Church is She. Period.
Fr. Paul Stein
Did you ever wonder why we have never called the Church, “he?” We most certainly don’t call the Church zie, ze, xe, or one of the other gender-neutral “pronouns.”[1] The Church is She. Period. Full stop.
The reason is that she is the bride of Christ, and he is most definitely a “he.” Our popular culture often imagines heaven as where we hope to sit on clouds and play harps. Yet, the image Christ frequently gives us in the scriptures is that of a wedding banquet: “Jesus again in reply spoke to them in parables, saying, ‘The kingdom of heaven may be likened to a king who gave a wedding feast for his son’” (Matt 22:1-2). If Jesus is the groom, then the Church is the bride: “Then I saw a new heaven and a new earth. The former heaven and the former earth had passed away, and the sea was no more. I also saw the holy city, a new Jerusalem, coming down out of heaven from God, prepared as a bride adorned for her husband” (Rev 21:1-2).
Part of God’s plan for creation was the human complementarity of male and female, husband and wife, to reflect the close loving union of God with us through Christ. St. Paul describes it in his letter to the Ephesians:
Be subordinate to one another out of reverence for Christ. Wives should be subordinate to their husbands as to the Lord. For the husband is head of his wife just as Christ is head of the church, he himself the savior of the body. As the church is subordinate to Christ, so wives should be subordinate to their husbands in everything. Husbands, love your wives, even as Christ loved the church and handed himself over for her to sanctify her, cleansing her by the bath of water with the word, that he might present to himself the church in splendor, without spot or wrinkle or any such thing, that she might be holy and without blemish. So [also] husbands should love their wives as their own bodies. He who loves his wife loves himself. For no one hates his own flesh but rather nourishes and cherishes it, even as Christ does the church, because we are members of his body. “For this reason a man shall leave [his] father and [his] mother and be joined to his wife, and the two shall become one flesh.” This is a great mystery, but I speak in reference to Christ and the church. (Eph 5:21-32)
Heaven is thus, a mystical marriage.
In Christ, the natural institution of marriage,
built into creation, is elevated to a sacrament.
Heaven is thus, a mystical marriage. In Christ, the natural institution of marriage, built into creation, is elevated to a sacrament. The marriage between a baptized man and a baptized woman embodies and points to the reality of heaven.
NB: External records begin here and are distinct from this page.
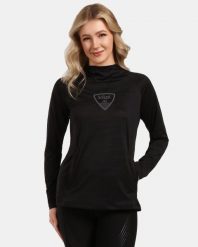 Damska bluza treningowa Kilpi AILEEN-W. Czarne bluzy damskie Kilpi, s, bez wzorów, z materiału, bez kaptura. Za 292.95 zł.
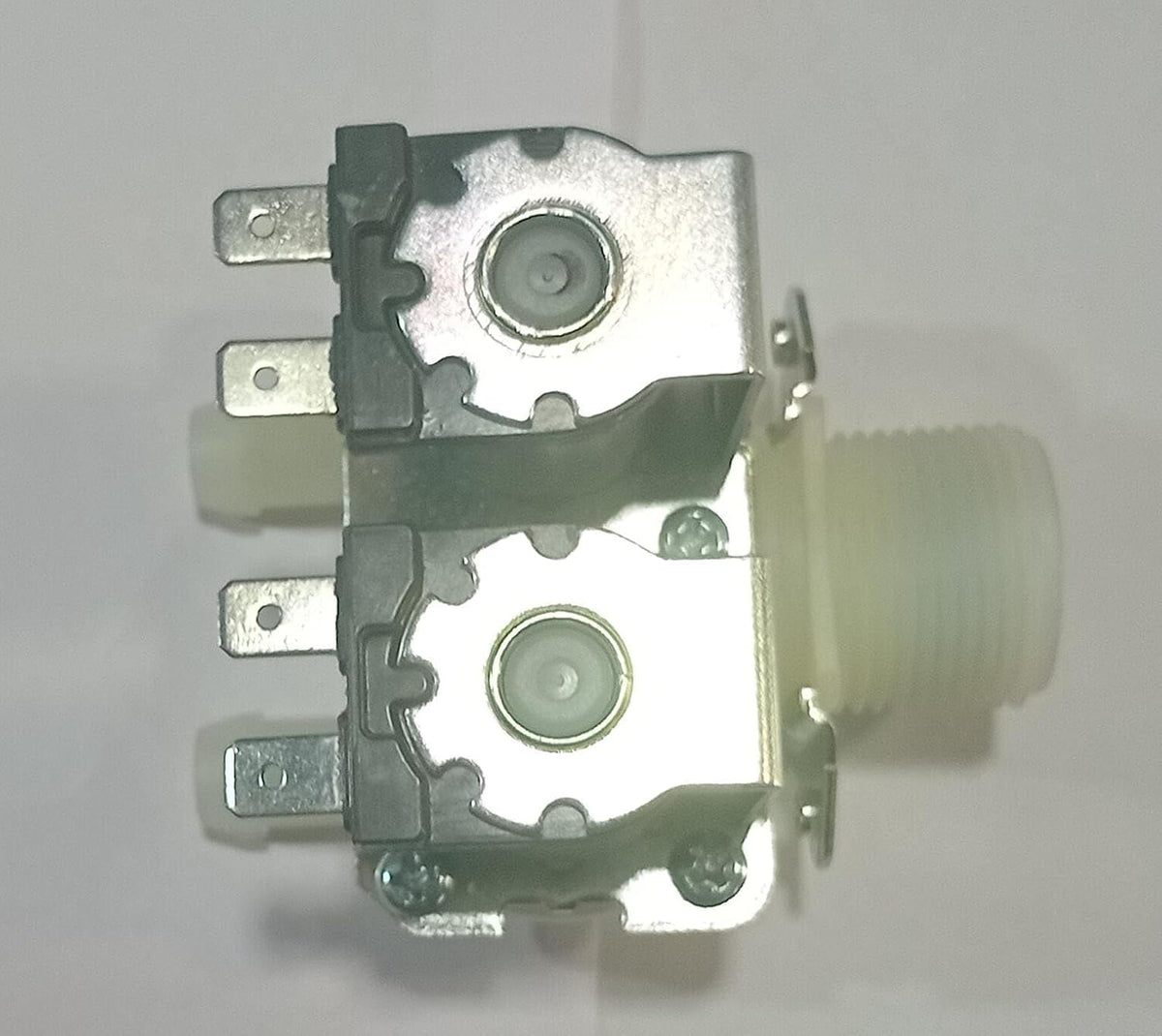 BUY SPARES 2 Way Inlet Feed Valve Compatible with IFB Top Load Washing Machine, Standard Size BS1316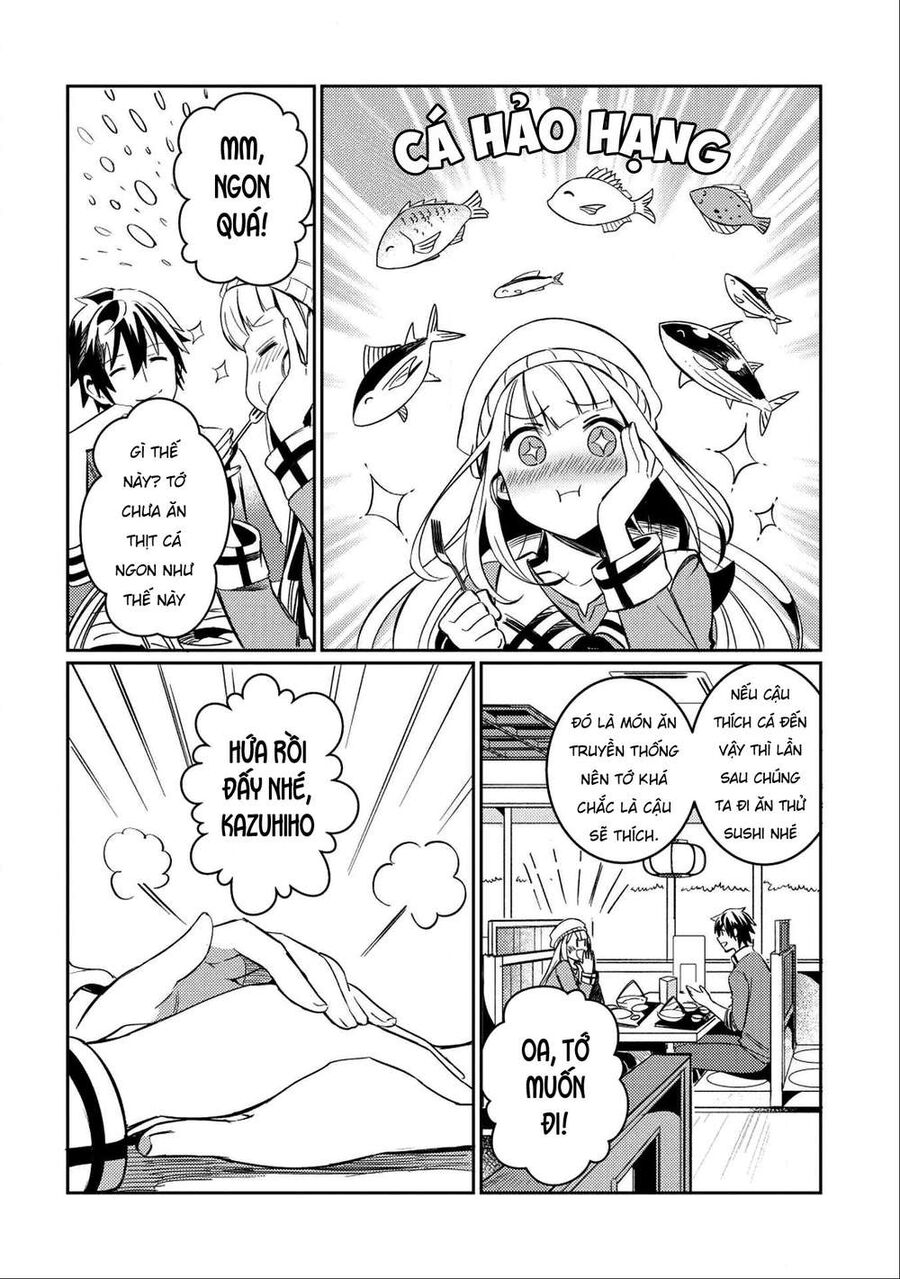 Chào Mừng Đến Với Nhật Bản, Elf San! Chapter 3 - 20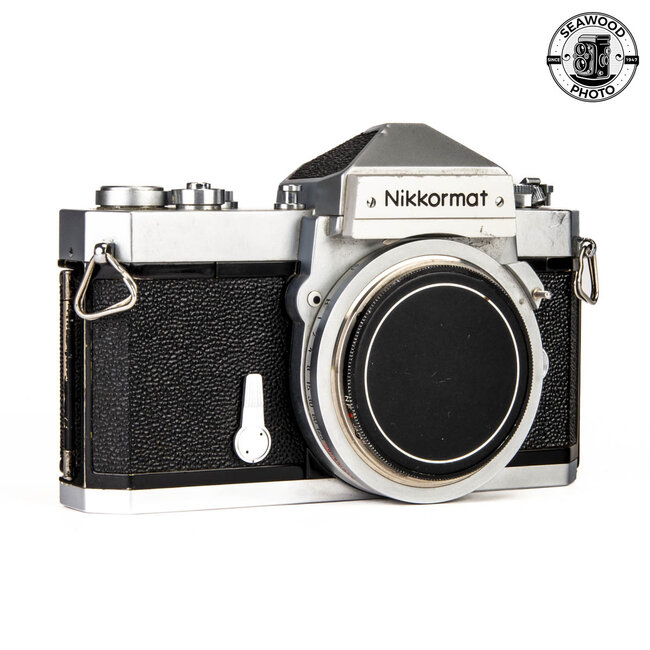 Nikkormat FTN Body Only Silver AS-IS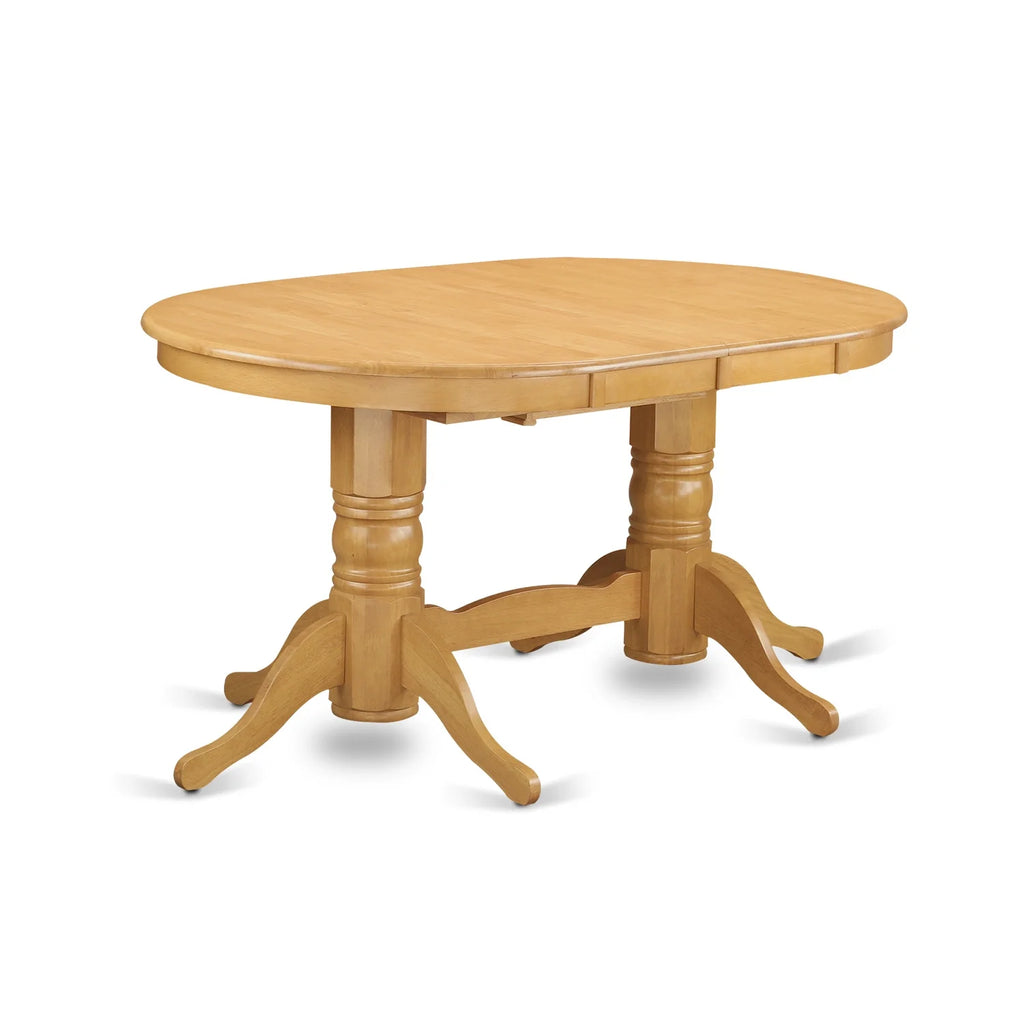 Oval Wood Dining Table in Oak I1998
As Christ and the Church cannot fail to forever love each other, the sacrament of marriage is indissoluble:
Some Pharisees approached him, and tested him, saying, “Is it lawful for a man to divorce his wife for any cause whatever?” He said in reply, “Have you not read that from the beginning the Creator ‘made them male and female’ and said, ‘For this reason a man shall leave his father and mother and be joined to his wife, and the two shall become one flesh’? So they are no longer two, but one flesh. Therefore, what God has joined together, no human being must separate.” They said to him, “Then why did Moses command that the man give the woman a bill of divorce and dismiss [her]?” He said to them, “Because of the hardness of your hearts Moses allowed you to divorce your wives, but from the beginning it was not so. I say to you, whoever divorces his wife (unless the marriage is unlawful) and marries another commits adultery.” (Matt 19:3-9)[2]
For the Church, the creation of humans as male and female is a gift from God that ultimately finds its fulfillment in heaven.
What This Means For Us
We live in a culture that still celebrates weddings with great fervor. That wedding to which we should ultimately look, however, is heaven. If brides and grooms work feverishly and spend large amounts of money to have a wonderful earthly wedding, then we should be willing to give everything we have to be a part of the heavenly marriage banquet. That is the one marriage in which bride and groom will live happily ever after.
Footnotes
1. This author has used – when an application form requires pronouns – who & what. Abbott and Costello were ahead of their time.
2. Annulments come from the clause “unless the marriage is unlawful” which has to do with the distinction between the Greek words porneia and moicheia.